[<prev] [next>] [thread-next>] [day] [month] [year] [list]
Message-ID: <4BB3463A.2000801@openobjects.com>
Date: Wed, 31 Mar 2010 13:55:22 +0100
From: Stuart Shelton <stuart@...nobjects.com>
To: mchan@...adcom.com, netdev@...r.kernel.org
Subject: Severe regression in bnx2 driver with bonding in post 2.6.30 kernels
Hi all,
The Broadcom NetXtreme II driver appears to have a severe regression in
all kernels post 2.6.30 - I've observed problems with 2.6.31, 2.6.32.
and 2.6.33.
The hardware impacted is an IBM Bladecenter LS21 Blade, model 7971. We
have a large number of these, and all are affected.
We use generic channel-bonding, with the following options in modprobe.conf:
alias bond0 bonding
options bond0 mode=0 miimon=100
With any kernel prior to 2.6.31, the dmesg output reads:
Broadcom NetXtreme II Gigabit Ethernet Driver bnx2 v2.0.1 (May 6, 2009)
alloc irq_desc for 17 on cpu 0 node 0
alloc kstat_irqs on cpu 0 node 0
bnx2 0000:02:04.0: PCI INT A -> GSI 17 (level, low) -> IRQ 17
bnx2 0000:02:04.0: firmware: requesting bnx2/bnx2-mips-06-4.6.16.fw
...
bnx2 0000:02:04.0: firmware: requesting bnx2/bnx2-rv2p-06-4.6.16.fw
eth0: Broadcom NetXtreme II BCM5706 1000Base-SX (A2) PCI-X 64-bit 133MHz
found at mem e2000000, IRQ 17, node addr 00:1a:64:bd:21:04
alloc irq_desc for 18 on cpu 0 node 0
alloc kstat_irqs on cpu 0 node 0
bnx2 0000:02:05.0: PCI INT A -> GSI 18 (level, low) -> IRQ 18
bnx2 0000:02:05.0: firmware: requesting bnx2/bnx2-mips-06-4.6.16.fw
bnx2 0000:02:05.0: firmware: requesting bnx2/bnx2-rv2p-06-4.6.16.fw
eth1: Broadcom NetXtreme II BCM5706 1000Base-SX (A2) PCI-X 64-bit 133MHz
found at mem e4000000, IRQ 18, node addr 00:1a:64:be:20:80
udev: renamed network interface eth1 to eg1
udev: renamed network interface eth0 to eg0
...
alloc irq_desc for 32 on cpu 0 node 0
alloc kstat_irqs on cpu 0 node 0
bnx2 0000:02:04.0: irq 32 for MSI/MSI-X
bnx2: eg0: using MSI
bnx2: eg0 NIC SerDes Link is Up, 1000 Mbps full duplex, receive &
transmit flow control ON
alloc irq_desc for 33 on cpu 0 node 0
alloc kstat_irqs on cpu 0 node 0
bnx2 0000:02:05.0: irq 33 for MSI/MSI-X
bnx2: eg1: using MSI
bnx2: eg1 NIC SerDes Link is Up, 1000 Mbps full duplex, receive &
transmit flow control ON
bnx2 0000:02:04.0: irq 32 for MSI/MSI-X
bnx2: eg0: using MSI
bonding: bond0: enslaving eg0 as an active interface with a down link.
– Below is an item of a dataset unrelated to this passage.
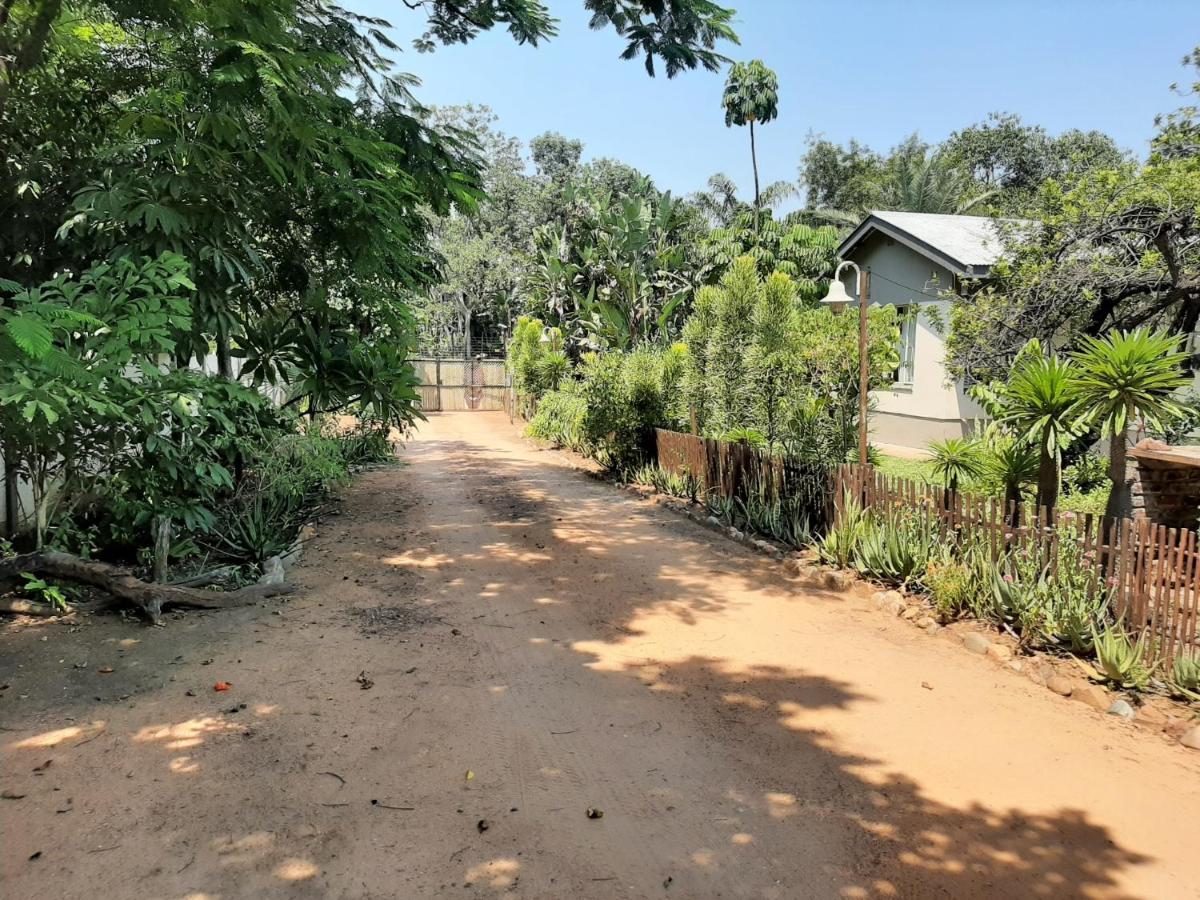 Elephant Walk Guesthouse And Back Packers 팔라보르와 외부 사진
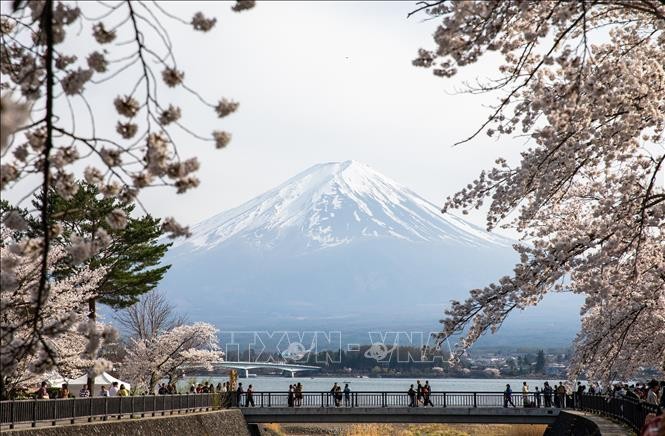 Tránh rủi ro khi xin cấp visa du lịch Nhật Bản mùa cao điểm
bnx2: eg0 NIC SerDes Link is Up, 1000 Mbps full duplex, receive &
transmit flow control ON
bnx2 0000:02:05.0: irq 33 for MSI/MSI-X
bnx2: eg1: using MSI
bonding: bond0: enslaving eg1 as an active interface with a down link.
bonding: bond0: link status definitely up for interface eg0.
bonding: bond0: link status definitely up for interface eg1.
bnx2: eg1 NIC SerDes Link is Up, 1000 Mbps full duplex, receive &
transmit flow control ON
... however, with kernels from 2.6.31 and later, the dmesg output reads:
Broadcom NetXtreme II Gigabit Ethernet Driver bnx2 v2.0.1 (May 6, 2009)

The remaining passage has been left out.